PROBLEM TO WORK ON:
Write out exactly the lines of the entries below from the one holding "mega-sena paga terno|Ninguém" to the one holding "Small Oasis By The Coast On Beautiful Aero", inclusive, and leave out all other lines.

GIVEN DATA:
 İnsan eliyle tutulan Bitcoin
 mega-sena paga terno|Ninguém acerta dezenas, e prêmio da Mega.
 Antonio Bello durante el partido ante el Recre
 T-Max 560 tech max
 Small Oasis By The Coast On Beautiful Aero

...

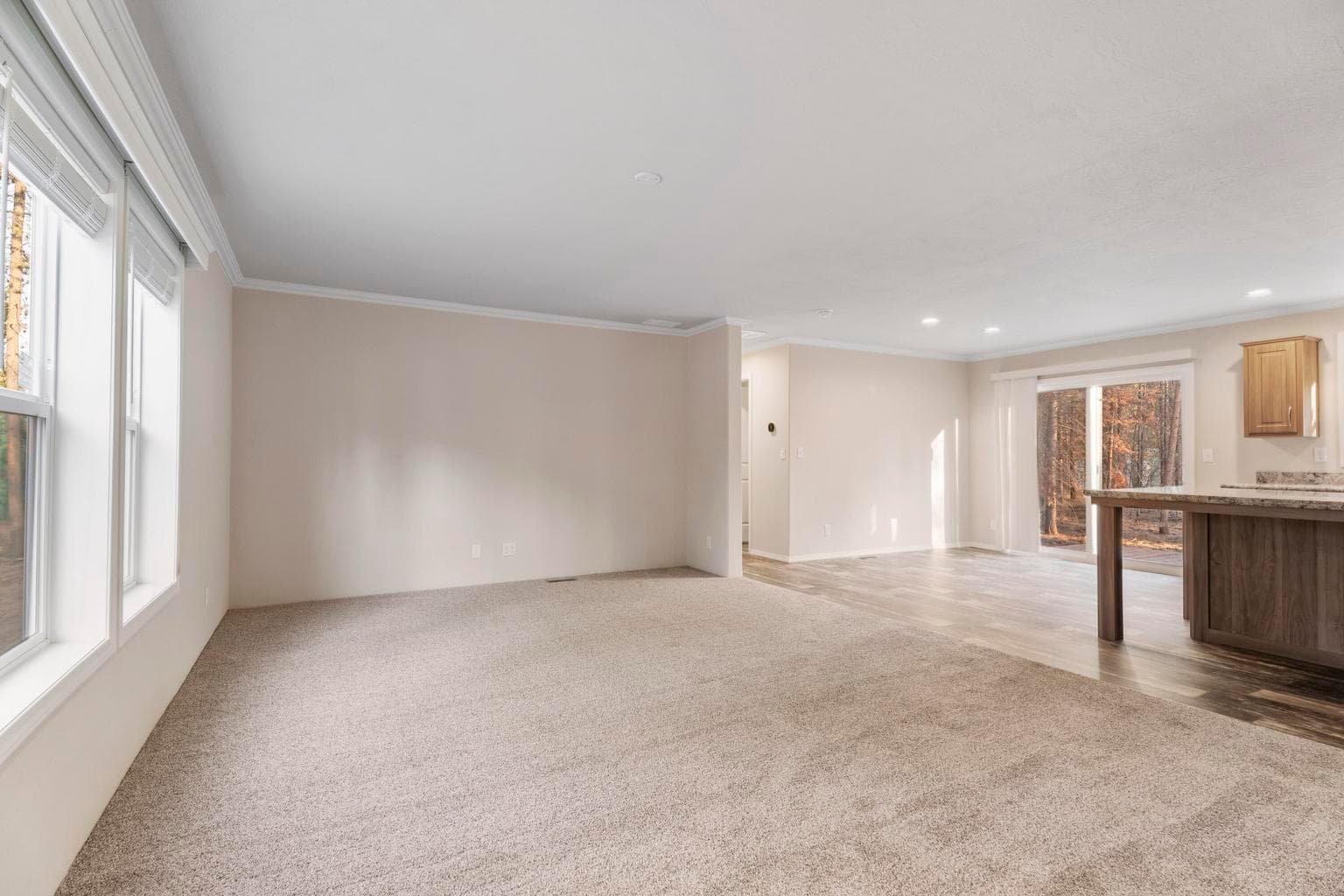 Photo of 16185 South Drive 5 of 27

FINAL ANSWER:
 mega-sena paga terno|Ninguém acerta dezenas, e prêmio da Mega.
 Antonio Bello durante el partido ante el Recre
 T-Max 560 tech max
 Small Oasis By The Coast On Beautiful Aero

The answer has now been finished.